Search code examples
gitcherry-pick

Find commits of a git branch, which were not cherry picked into another branch


I have two branches in git, where one branch master contains all commits, and another branch, e.g., release, which contains some cherry-picked commits from the first branch master. Since the commits are cherry-picked in release, they have different commit hashes than the corresponding commits in master, but the commit messages are the same.

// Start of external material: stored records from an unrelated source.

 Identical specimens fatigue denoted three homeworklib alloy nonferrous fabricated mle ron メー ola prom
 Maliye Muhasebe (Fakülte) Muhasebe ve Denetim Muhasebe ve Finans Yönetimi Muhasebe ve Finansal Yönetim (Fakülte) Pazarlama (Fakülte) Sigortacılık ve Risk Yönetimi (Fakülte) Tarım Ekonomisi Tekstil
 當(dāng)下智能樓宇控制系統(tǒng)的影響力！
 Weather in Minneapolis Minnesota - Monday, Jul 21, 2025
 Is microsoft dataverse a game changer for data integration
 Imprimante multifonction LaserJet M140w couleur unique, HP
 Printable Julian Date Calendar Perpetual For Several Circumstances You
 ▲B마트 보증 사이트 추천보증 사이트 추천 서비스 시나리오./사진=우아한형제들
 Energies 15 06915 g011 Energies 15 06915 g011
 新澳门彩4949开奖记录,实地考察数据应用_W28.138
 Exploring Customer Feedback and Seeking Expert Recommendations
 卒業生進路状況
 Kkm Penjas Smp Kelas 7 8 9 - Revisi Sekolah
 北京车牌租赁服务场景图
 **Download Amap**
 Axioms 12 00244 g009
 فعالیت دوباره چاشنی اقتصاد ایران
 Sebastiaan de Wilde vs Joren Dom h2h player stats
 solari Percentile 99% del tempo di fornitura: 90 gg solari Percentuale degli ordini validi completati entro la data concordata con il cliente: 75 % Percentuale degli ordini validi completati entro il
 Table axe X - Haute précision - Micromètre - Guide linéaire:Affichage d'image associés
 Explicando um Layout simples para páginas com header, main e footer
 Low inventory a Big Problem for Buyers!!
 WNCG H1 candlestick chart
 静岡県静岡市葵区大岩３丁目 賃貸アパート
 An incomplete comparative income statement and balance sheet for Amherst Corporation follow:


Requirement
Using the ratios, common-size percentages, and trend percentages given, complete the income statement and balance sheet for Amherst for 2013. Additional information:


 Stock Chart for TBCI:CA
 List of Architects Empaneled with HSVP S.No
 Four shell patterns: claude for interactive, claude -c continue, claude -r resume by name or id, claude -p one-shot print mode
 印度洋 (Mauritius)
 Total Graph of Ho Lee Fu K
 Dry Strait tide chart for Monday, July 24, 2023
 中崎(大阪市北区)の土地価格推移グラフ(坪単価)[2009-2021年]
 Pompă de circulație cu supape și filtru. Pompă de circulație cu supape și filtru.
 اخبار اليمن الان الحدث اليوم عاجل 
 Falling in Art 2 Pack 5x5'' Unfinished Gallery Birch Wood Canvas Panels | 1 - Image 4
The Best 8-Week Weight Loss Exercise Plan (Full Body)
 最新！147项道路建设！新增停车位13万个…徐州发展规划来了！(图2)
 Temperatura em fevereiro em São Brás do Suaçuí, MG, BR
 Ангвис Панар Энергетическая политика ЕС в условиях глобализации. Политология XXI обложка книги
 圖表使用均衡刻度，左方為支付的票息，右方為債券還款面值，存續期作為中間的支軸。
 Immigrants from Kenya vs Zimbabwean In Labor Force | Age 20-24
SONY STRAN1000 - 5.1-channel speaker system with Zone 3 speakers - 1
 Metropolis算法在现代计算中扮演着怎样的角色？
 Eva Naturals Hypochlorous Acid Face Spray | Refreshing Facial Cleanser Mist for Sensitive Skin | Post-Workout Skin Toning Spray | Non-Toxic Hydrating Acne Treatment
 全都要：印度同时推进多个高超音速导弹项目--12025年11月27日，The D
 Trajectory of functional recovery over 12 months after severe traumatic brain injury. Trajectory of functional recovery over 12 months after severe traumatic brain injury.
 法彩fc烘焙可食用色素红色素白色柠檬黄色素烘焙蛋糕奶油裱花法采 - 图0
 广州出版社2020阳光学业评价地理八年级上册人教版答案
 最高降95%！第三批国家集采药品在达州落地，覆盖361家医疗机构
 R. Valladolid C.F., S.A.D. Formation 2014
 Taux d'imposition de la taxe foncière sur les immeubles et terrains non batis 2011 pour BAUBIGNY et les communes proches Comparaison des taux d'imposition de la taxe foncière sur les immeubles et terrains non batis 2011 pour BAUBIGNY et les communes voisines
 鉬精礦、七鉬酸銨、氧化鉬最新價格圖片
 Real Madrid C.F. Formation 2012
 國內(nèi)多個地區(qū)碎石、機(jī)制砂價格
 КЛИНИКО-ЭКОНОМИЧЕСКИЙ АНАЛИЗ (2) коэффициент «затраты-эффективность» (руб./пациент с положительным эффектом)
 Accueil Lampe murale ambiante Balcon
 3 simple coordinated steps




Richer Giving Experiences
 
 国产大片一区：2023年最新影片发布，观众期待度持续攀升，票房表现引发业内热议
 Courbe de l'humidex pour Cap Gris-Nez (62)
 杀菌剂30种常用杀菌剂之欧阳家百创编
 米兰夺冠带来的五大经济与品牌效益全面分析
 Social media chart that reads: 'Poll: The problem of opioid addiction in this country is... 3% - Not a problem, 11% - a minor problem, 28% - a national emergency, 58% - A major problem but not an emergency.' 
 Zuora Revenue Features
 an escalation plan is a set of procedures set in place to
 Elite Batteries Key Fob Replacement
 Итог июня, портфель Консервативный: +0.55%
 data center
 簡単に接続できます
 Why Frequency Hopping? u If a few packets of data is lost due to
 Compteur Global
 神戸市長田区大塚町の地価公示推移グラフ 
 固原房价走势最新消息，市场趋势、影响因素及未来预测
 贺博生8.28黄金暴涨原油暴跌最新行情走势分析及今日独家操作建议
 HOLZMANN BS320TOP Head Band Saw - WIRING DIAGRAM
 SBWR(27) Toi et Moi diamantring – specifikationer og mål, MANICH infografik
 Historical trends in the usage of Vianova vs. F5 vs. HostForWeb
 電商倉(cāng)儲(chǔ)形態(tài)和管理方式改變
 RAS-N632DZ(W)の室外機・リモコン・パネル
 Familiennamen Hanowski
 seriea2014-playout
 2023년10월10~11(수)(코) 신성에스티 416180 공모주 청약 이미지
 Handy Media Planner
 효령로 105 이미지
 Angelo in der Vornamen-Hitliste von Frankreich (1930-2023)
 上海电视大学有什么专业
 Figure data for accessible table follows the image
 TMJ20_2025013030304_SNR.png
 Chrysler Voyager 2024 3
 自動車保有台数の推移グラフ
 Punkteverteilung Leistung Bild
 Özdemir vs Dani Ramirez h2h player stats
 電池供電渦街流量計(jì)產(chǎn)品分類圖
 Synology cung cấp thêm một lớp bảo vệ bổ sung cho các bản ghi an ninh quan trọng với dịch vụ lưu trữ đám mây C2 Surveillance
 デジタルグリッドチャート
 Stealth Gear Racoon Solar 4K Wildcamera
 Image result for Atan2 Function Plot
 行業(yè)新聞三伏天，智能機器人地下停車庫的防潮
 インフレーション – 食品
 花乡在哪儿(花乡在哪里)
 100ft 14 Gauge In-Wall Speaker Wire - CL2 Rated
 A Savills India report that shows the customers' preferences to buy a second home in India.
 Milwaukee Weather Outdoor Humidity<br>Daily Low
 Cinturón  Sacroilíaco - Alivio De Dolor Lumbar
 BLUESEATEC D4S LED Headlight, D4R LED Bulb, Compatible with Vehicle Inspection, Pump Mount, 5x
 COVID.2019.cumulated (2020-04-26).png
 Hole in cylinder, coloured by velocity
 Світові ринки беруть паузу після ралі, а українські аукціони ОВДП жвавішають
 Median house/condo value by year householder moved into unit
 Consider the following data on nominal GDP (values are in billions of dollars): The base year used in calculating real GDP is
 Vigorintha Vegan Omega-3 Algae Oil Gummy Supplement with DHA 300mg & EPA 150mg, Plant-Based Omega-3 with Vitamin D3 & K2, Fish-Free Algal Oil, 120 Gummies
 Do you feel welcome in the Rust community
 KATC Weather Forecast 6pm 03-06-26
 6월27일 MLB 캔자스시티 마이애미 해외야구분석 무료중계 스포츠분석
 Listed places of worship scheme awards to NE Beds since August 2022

Now I want to find commits from master, which were not cherry-picked into release. Note that the cherry-picked commits might be different in code from original commits due to conflict resolutions. How can I do it? Is there native support in git for this?

Example:

master branch:

git checkout master
git log --oneline -7

gives

2cba4b1d (HEAD -> master) Message subject for commit 7
f54fc16f Message subject for commit 6
4d871cbd Message subject for commit 5
a83ed44c Message subject for commit 4
48d0fb73 Message subject for commit 3
931da9a6 Message subject for commit 2
8553323b Message subject for commit 1

release branch

git checkout release
git log --oneline -5

gives

d65a04c6 (HEAD -> release) Message subject for commit 7
8aeecd92 Message subject for commit 6
2a54e335 Message subject for commit 4
99985f38 Message subject for commit 3
e76a9bb4 Message subject for commit 1

So the difference between the two branches will be two commits with message subjects:

Message subject for commit 5
Message subject for commit 2

It is also OK if it shows commit hashes:

4d871cbd Message subject for commit 5
931da9a6 Message subject for commit 2

Additional clarifications and requirements:

The above example returns the diff in the same order as commits were merged. Getting the same order in the result as in the original commit logs helps to identifier commits in the original commit log of master. It would be nice if it is possible to achieve too.

In my case both branches have linear history and there are no merge commits.


Solution

  • Your question is very similar to another one I read months ago about a way to identify rebased commits. Like with rebase, cherry-picking is about extracting the changes done in a commit and applying them to another commit. None of these commands keeps track of the original commit, there is just no need for git to differentiate the "copies", mainly because they could produce conflicts and the resulting commit would be different as you know.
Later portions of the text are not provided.